BACKGROUNDMultilateral well systems are well known in the oil and gas industry. Generally, a multilateral well system includes a parent wellbore formed through a formation and one or more lateral or secondary wells that extend from the parent wellbore into the adjacent formation. Multilateral well systems enjoy several advantages, including, among others, higher production indices, which increases profitability on low producing wells. However, there are several problems facing the operator when drilling multilateral completions. One of the most significant issues is the junction from the parent wellbore to the secondary wellbore, or the junction from a secondary wellbore to another tertiary wellbore. Without a good seal between the lateral and parent wellbores, the junction is highly problematic in that it may close, partially close, or collapse, which can and prevent or complicate reentry, as well as preventing production from flowing out of the lateral wellbore. Further, an improperly sealed junction may not allow effective zone isolation, which is an important component to well completion, and an improperly sealed junction is prone to undesirable sand intrusion from unconsolidated sand surrounding the wellbore.
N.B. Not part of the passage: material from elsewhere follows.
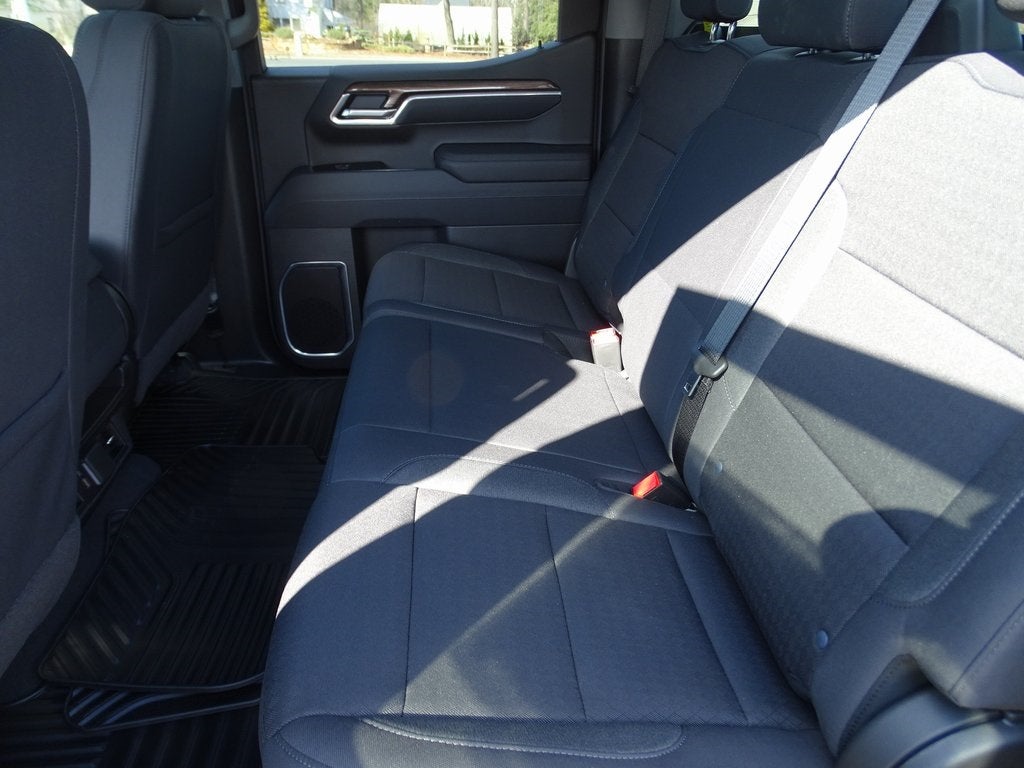 2026 Chevrolet Silverado 1500 LT LT1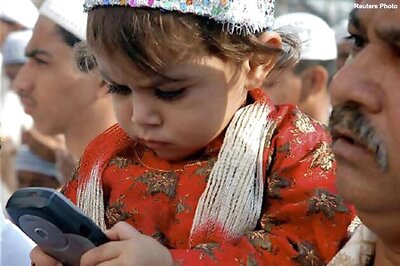 Auction 8th day: 3G bids up 73 pc from base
BRIEF DESCRIPTION OF DRAWINGSFIG. 1 illustrates a wellbore system and a dissolvable well sealing joint system, as provided herein;
FIG. 2 illustrates an embodiment of a dissolvable junction subassembly of the dissolvable well sealing joint system;
FIG. 3 illustrates an intermediate parent wellbore have a liner installed therein;
FIG. 4 illustrate the intermediate parent wellbore after the liner has been cemented into place;
FIG. 5 illustrates the intermediate parent wellbore having a whip stock and temporary dissolvable bridge plug positioned therein;
FIG. 6 illustrates the intermediate parent wellbore have the drilling of a secondary wellbore and installation of a liner therein;
FIG. 7 illustrates the intermediate parent and secondary wellbores where a dissolvable junction subassembly is positioned in the parent wellbore and the secondary wellbore;
FIG. 8 illustrates the intermediate parent and secondary wellbores showing the isolation fluid positioned in the junction area; and
FIG. 9 illustrates the isolated junction area of the parent and secondary wellbores after the dissolution of the junction subassembly and removal of the whip stock.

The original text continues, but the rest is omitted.